The CREDANT Mobile Guardian (CMG) Enterprise Edition Version 5.2.1 SP4 is a distributed security solution designed to control enterprise-wise security for Windows-based PCs.  CMG enforces data encryption and access control security policies designed to protect data at rest on Window-based PCs.  Security policy protection is intended to provide data access protection from unauthorized users accessing a PC in the event of a lost or stolen PC and implementing hierarchical data access controls for authorized PC users.  The CMG is a single base management control system enabling administrators to secure the Windows-based PCs from a single management console.

The TOE includes three software components: the CREDANT Mobile Guardian Enterprise Server; the CREDANT Mobile Guardian Policy Proxy; and the CREDANT Mobile Guardian Shield.

SECURITY EVALUATION SUMMARY

The evaluation was carried out in accordance to the Common Criteria Evaluation and Validation Scheme (CCEVS) process and scheme.
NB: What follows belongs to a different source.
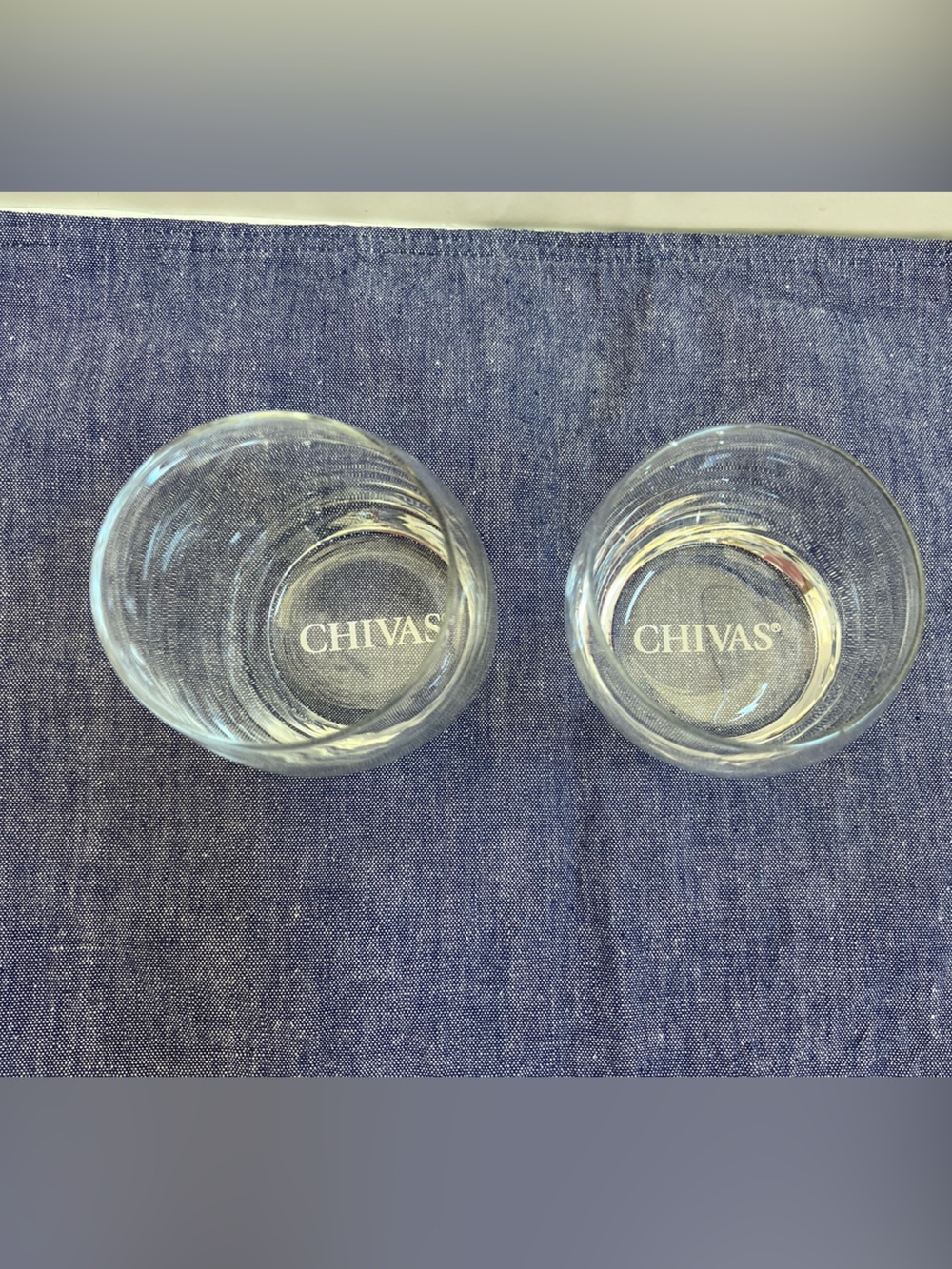 Whiskey Chivas Regal Scotch Set of 2 Rocks Lowball Glasses Slanted Tilted Etched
The evaluation demonstrated that the CREDANT Mobile Guardian (CMG) Enterprise Edition Version 5.2.1 SP4 meets the security requirements contained in the Security Target.

The criteria against which the CREDANT Mobile Guardian (CMG) Enterprise Edition Version 5.2.1 SP4 was judged is described in the Common Criteria for Information Technology Security Evaluation, Version 2.3. The evaluation methodology used by the evaluation team to conduct the evaluation is the Common Methodology for Information Technology Security Evaluation, Version 2.3. The COACT, Inc. CAFE Lab determined that the evaluation assurance level (EAL) for the CREDANT Mobile Guardian (CMG) Enterprise Edition Version 5.2.1 SP4 is EAL 3. The TOE, configured as specified in the installation guide, satisfies all of the security functional requirements stated in the Security Target.

A Validator on behalf of the CCEVS Validation Body monitored the evaluation carried out by the COACT, Inc. CAFE Lab. The evaluation was completed in April 2008. Results of the evaluation and associated validation can be found in the Common Criteria Evaluation and Validation Scheme Validation Report.

ENVIRONMENTAL STRENGTHS

The TOE’s Security Functions are:

• Audit Data Generation:  The TOE’s Audit Data Generation Security Function creates audit records recording security-relevant events.

• Audit Data Viewing:  The TOE’s Audit Data Viewing Security Function enables a CMG Enterprise Server Administrator with System or Log role privileges to view audit records.

• Management :  The TOE’s Security Management Security Function provides administrator support functionality that enables authorized administrators to configure and manage the TOE. 

• Self Protection:  The TOE provides for self protection and non-bypassability of functions within the TOE’s scope of control (TSC). 

• User Data Protection:  The TOE encrypts data on the end user device according to the policies supplied by the CMG Enterprise Server.